-- Material provided follows --
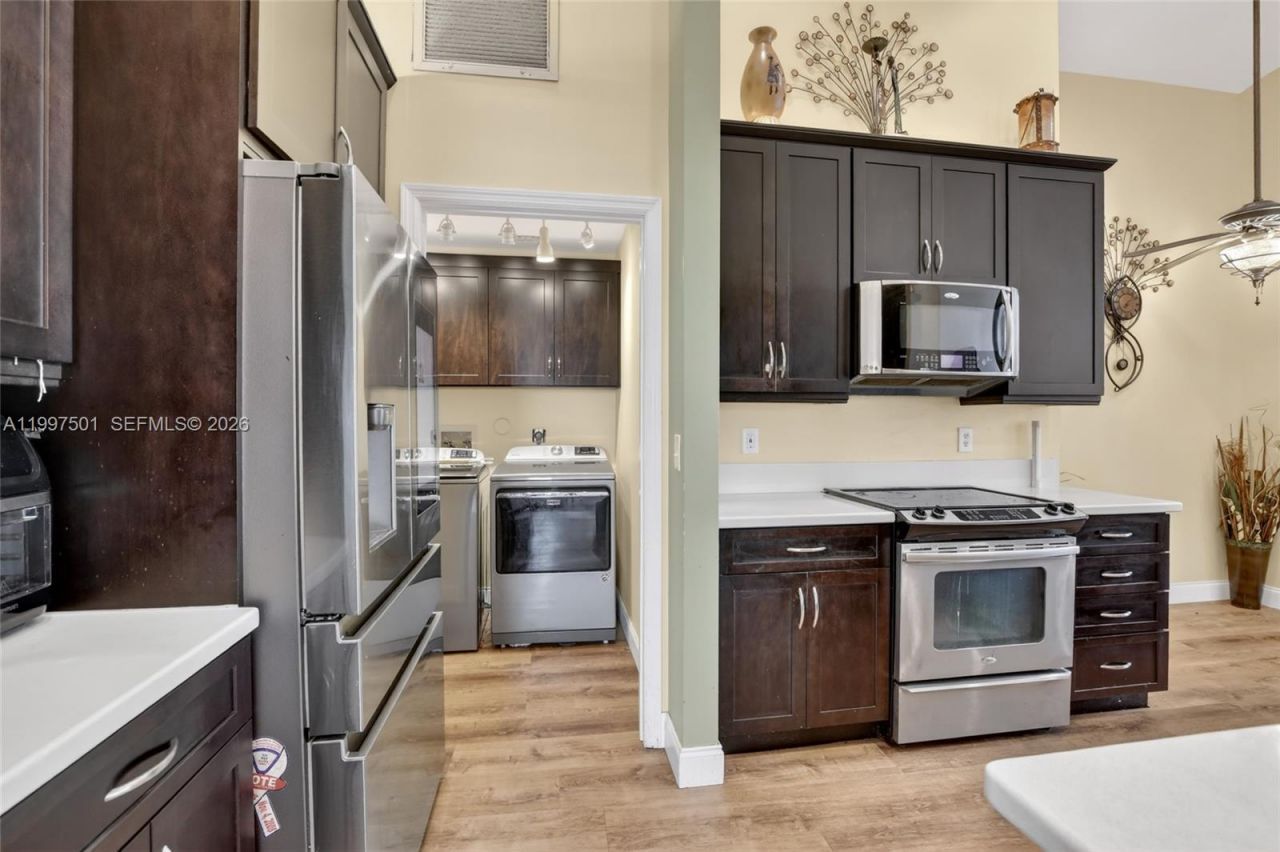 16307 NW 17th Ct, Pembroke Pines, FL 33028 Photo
-- Material provided concluded --
-- Material provided follows --
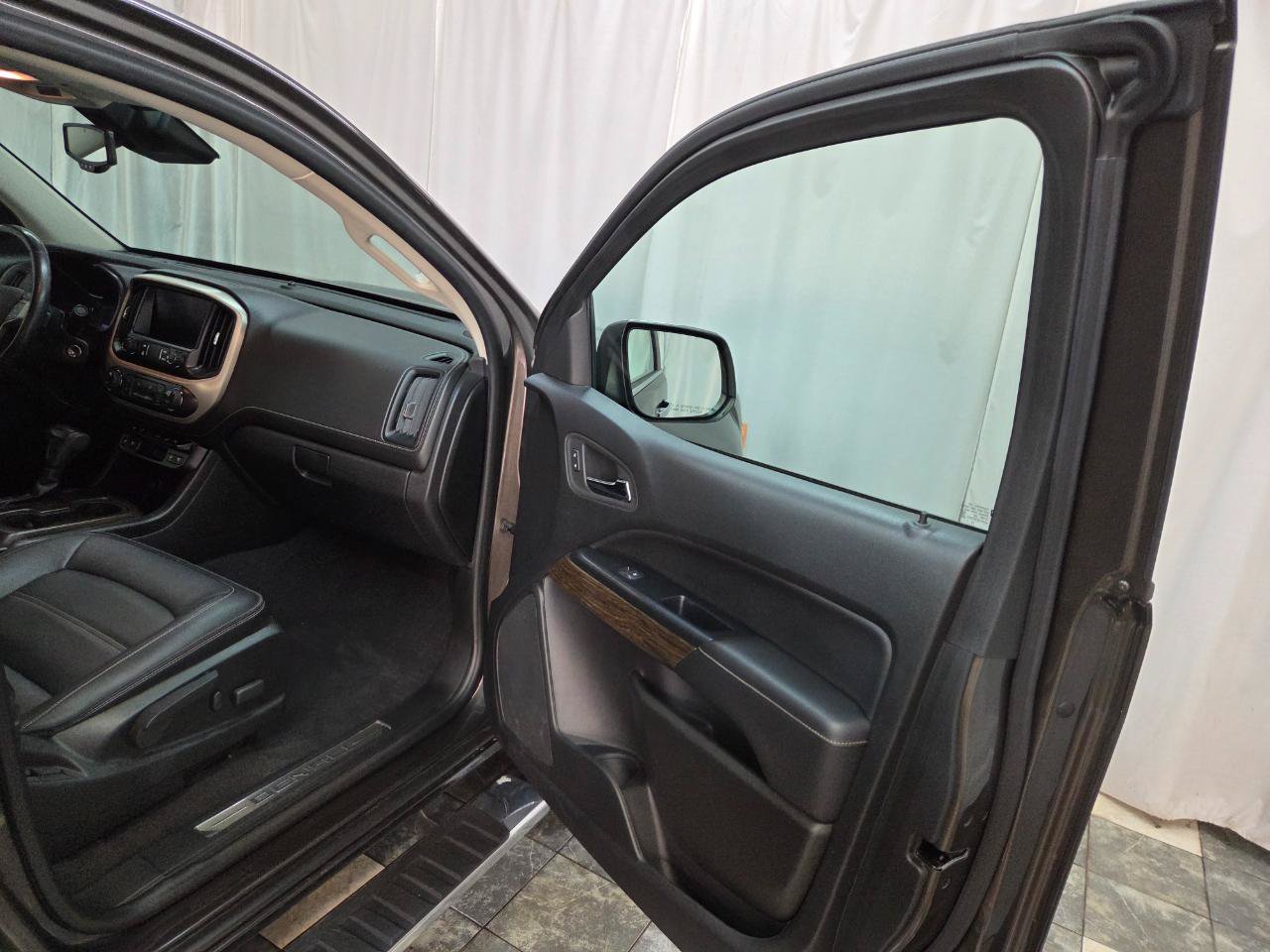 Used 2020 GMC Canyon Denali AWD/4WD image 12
-- Material provided concluded --
-- Material provided follows --
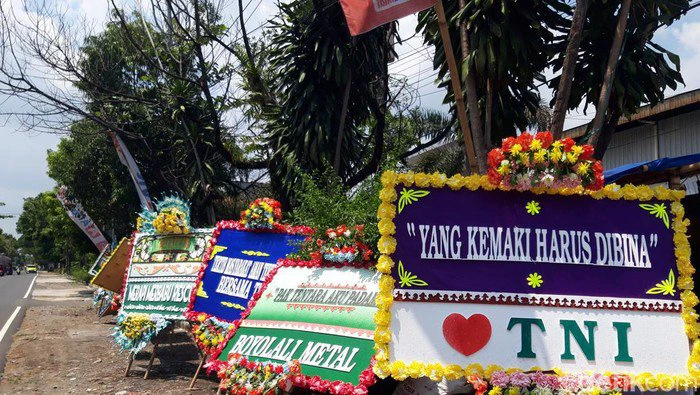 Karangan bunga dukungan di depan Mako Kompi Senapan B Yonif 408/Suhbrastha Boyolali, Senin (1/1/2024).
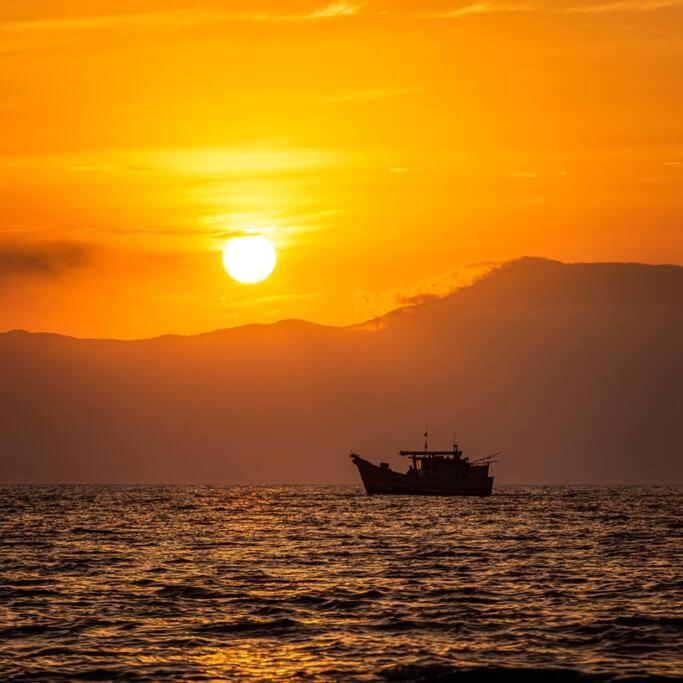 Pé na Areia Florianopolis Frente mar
-- Material provided concluded --
Instructions for the task
All lines above from the one containing "Karangan bunga dukungan" up to and including the one containing "Pé na Areia Florianopolis Frente mar" are to be set down exactly, and nothing else. Leave images out.

Finished exercise
 Karangan bunga dukungan di depan Mako Kompi Senapan B Yonif 408/Suhbrastha Boyolali, Senin (1/1/2024).
 Pé na Areia Florianopolis Frente mar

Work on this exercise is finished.